Rare-earth leaching from Florida phosphate rock in wet-process phosphoric acid production
Minerals & Metallurgical Processing
, 2017, Vol. 34, No. 3, pp. 146-153
Liang, H.; Zhang, P.; Jin, Z.; DePaoli, D.
DOI: https://doi.org/10.19150/mmp.7615
ABSTRACT:
Phosphorite, or phosphate rock, is the most significant secondary rare-earth resource. It contains high amounts of phosphate-bearing minerals along with low contents of rare earth elements (REEs). In Florida, about 19 Mt of phosphate rock are mined annually and most are used to manufacture fertilizers using a wet process, in which sulfuric acid reacts with phosphates to produce phosphoric acid and phosphogypsum. In the wet process, REEs are also leached out into solution and eventually get lost in the leaching residue and phosphate fertilizer. Recovering REEs from Florida phosphate rock in the wet process will be beneficial to broadening rare-earth availability, improving the quality of phosphoric acid product and protecting the environment.

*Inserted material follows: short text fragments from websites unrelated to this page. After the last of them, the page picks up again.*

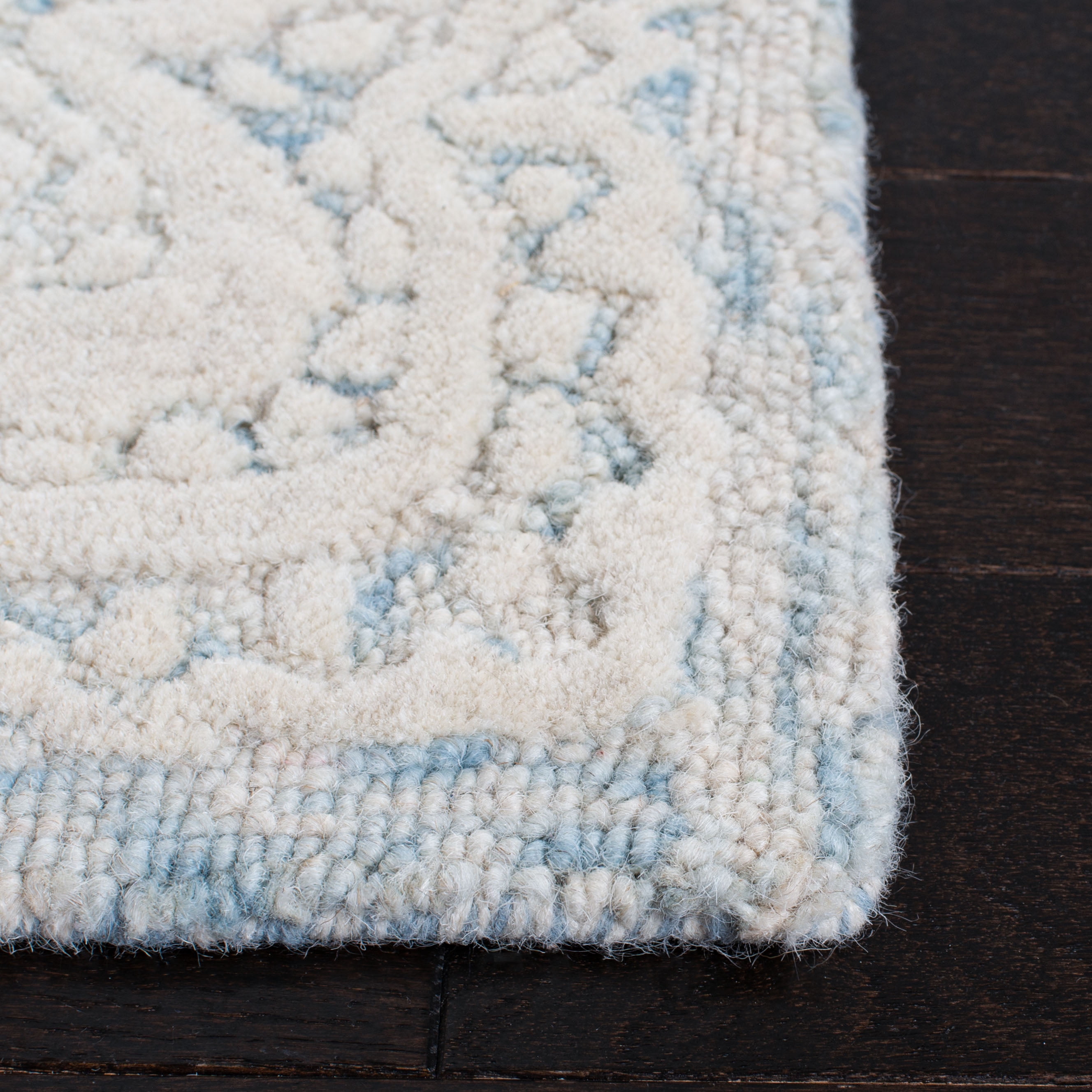 SAFAVIEH Glamour Stanice Distressed Floral Wool Area Rug, Blue/Ivory, 4' x 6'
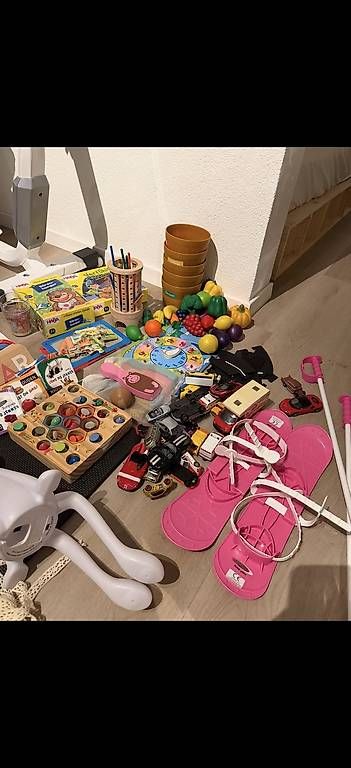 Giocattoli: Kinderspielsachen 1-4 Jahre – Usato da Niederhasli venduto da des_f82m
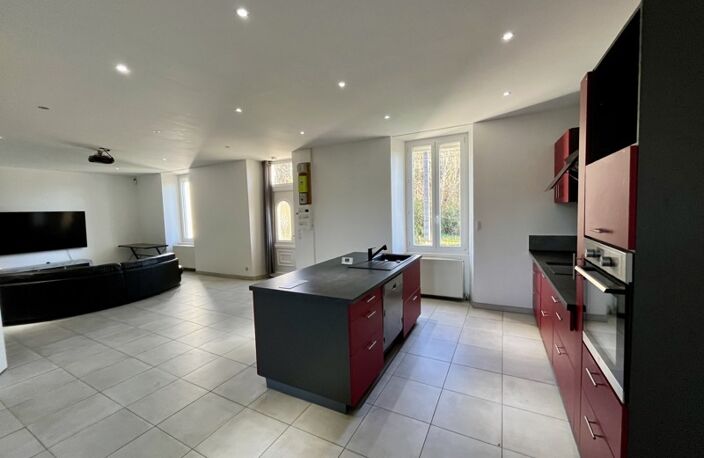 Vente maison 5 pièces 179 m² Arnac-Pompadour (19230) — photo 4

This study focuses on the influences of wet-process operating conditions on REE leaching efficiency. The results indicate that REE leaching efficiency increases with phosphoric acid addition in the initial pulp. At a temperature of 75 °C, a stoichiometric ratio of sulfuric acid (H2 SO4 ) to calcium oxide (CaO) of 1.05 and a weight ratio of liquid to solid of 3.5, REE leaching efficiency reached a relatively high value of 52.82 percent. The trends of REE leaching efficiency were similar to those for phosphoric acid (P2O5 ). Extensive tests on the leaching residue showed that during leaching, about 90 percent of the REEs were released from the phosphate rock but only 52.82 percent ended up in the leaching solution. This phenomenon can be attributed to two factors: (1) the effect of phosphate ions (PO43−) in the solution, which caused REE ions to form REE phosphates and be precipitated into the leaching residue, and (2) the influence of large amounts of anions such as sulfate (SO42−), dihydrogen phosphate (H2 PO4−) and hydrogen phosphate (HPO42−) anions as well as the polar molecule H3 PO4 , which surrounded the REE cations and formed an ion atmosphere that prevented the PO43− from contacting and combining with REE cations. Interaction of these two opposite effects determined the REE distribution between leaching solution and residue.